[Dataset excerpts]
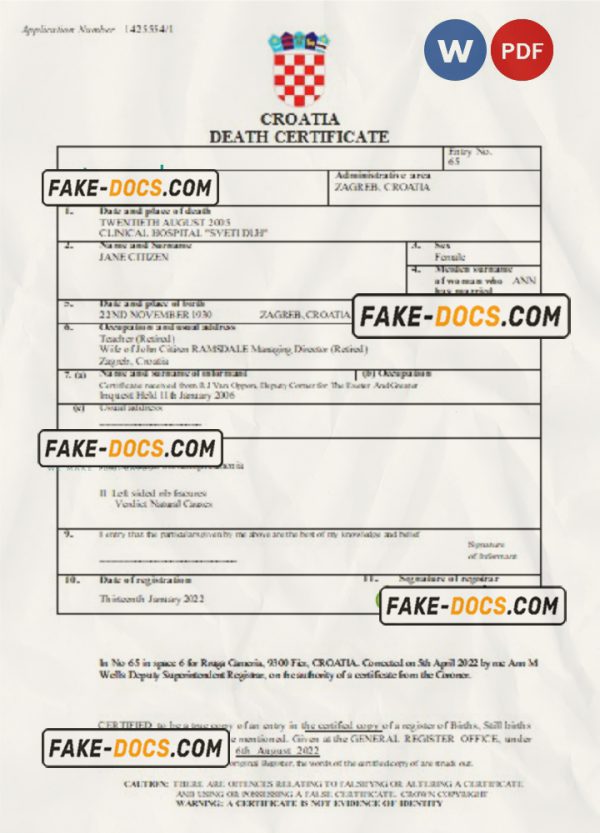 Croatia vital record death certificate Word and PDF template scan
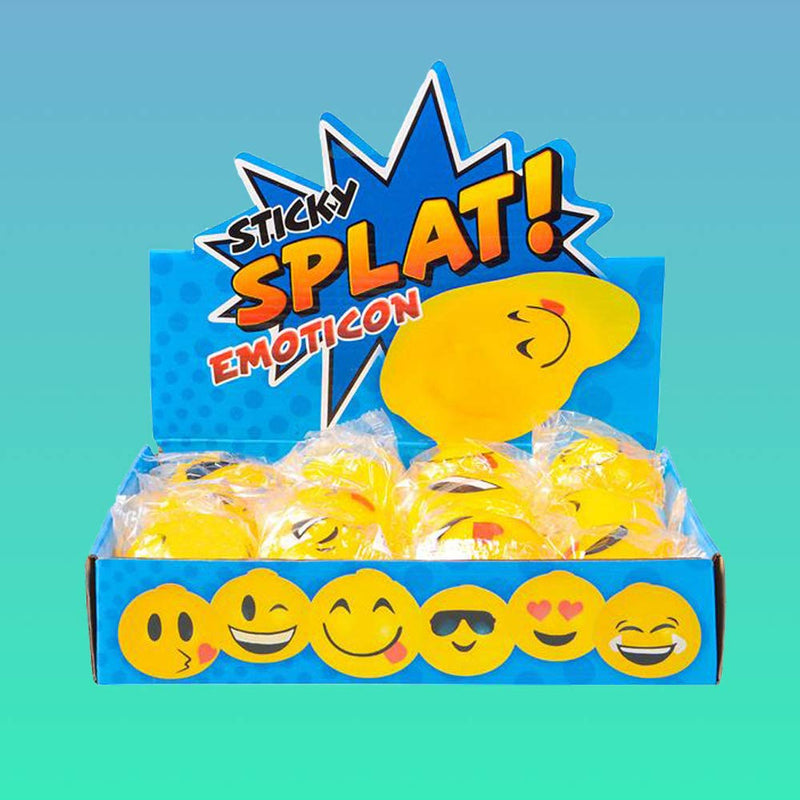 Kicko Sticky Splat Emoticon Ball - Set of 12-2.5 Inch Funny Squishy Emoji Balls in Vibrant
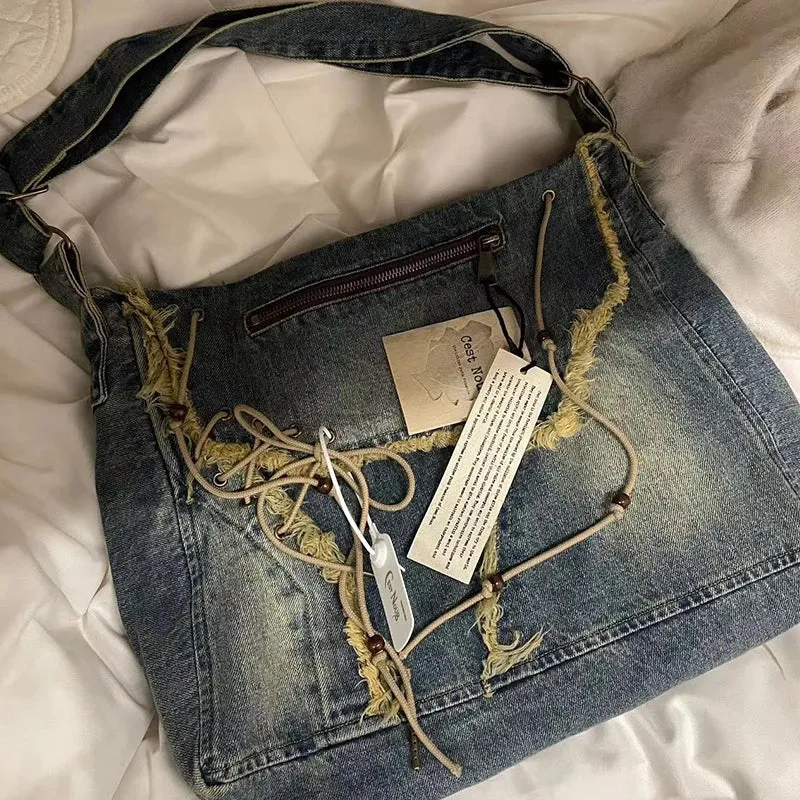 Mqtime Vintage Denim Washed Messenger Bag Women Casual Brushed Tassel Shoulder Bag Woman Designer Large Capacity Shopping Messenger Bag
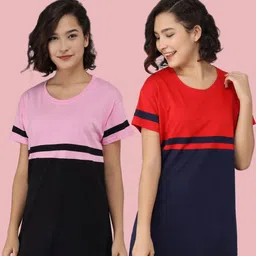 Christy World Women Pack of 2 Regular Fit Colourblocked T-shirt-picture-41
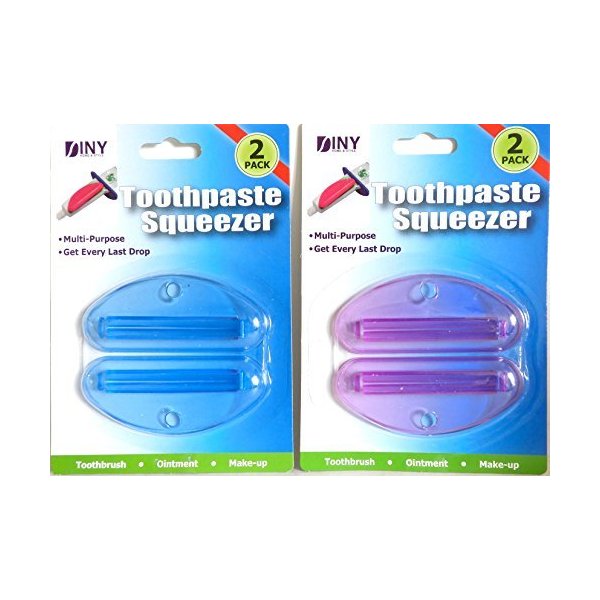 4 Piece Set Toothpaste Tube Squeezer Economical, Saves Toothpaste, Creams, Paint & More No More Waste Simple and Practical for Every Home and Bathroom Travel
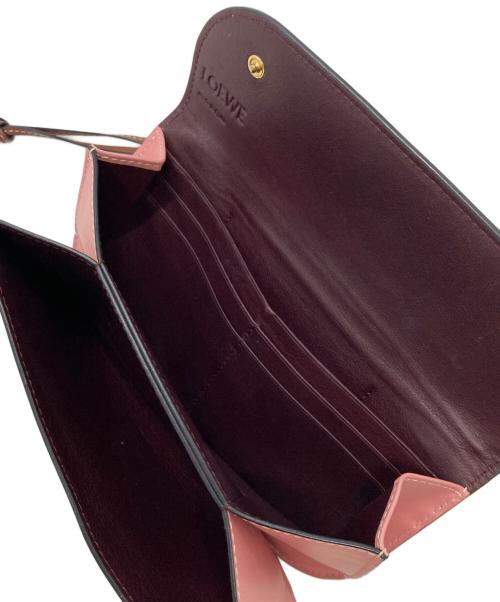 LOEWE（ロエベ）LOEWE (ロエベ) ゲート コンチネンタル ウォレット ブラウン×ピンクの古着・服飾アイテム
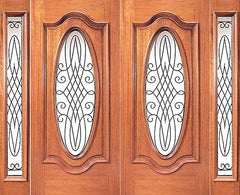 WDMA 96x80 Door (8ft by 6ft8in) Exterior Mahogany Oval Lite Front Double Door Two Side lights 1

# TASK ITEM:
Leave the pictures out, and transcribe each of the records exactly.

# TASK OUTPUT:
 Croatia vital record death certificate Word and PDF template scan
 Kicko Sticky Splat Emoticon Ball - Set of 12-2.5 Inch Funny Squishy Emoji Balls in Vibrant
 Mqtime Vintage Denim Washed Messenger Bag Women Casual Brushed Tassel Shoulder Bag Woman Designer Large Capacity Shopping Messenger Bag
 Christy World Women Pack of 2 Regular Fit Colourblocked T-shirt-picture-41
 4 Piece Set Toothpaste Tube Squeezer Economical, Saves Toothpaste, Creams, Paint & More No More Waste Simple and Practical for Every Home and Bathroom Travel
 LOEWE（ロエベ）LOEWE (ロエベ) ゲート コンチネンタル ウォレット ブラウン×ピンクの古着・服飾アイテム
 WDMA 96x80 Door (8ft by 6ft8in) Exterior Mahogany Oval Lite Front Double Door Two Side lights 1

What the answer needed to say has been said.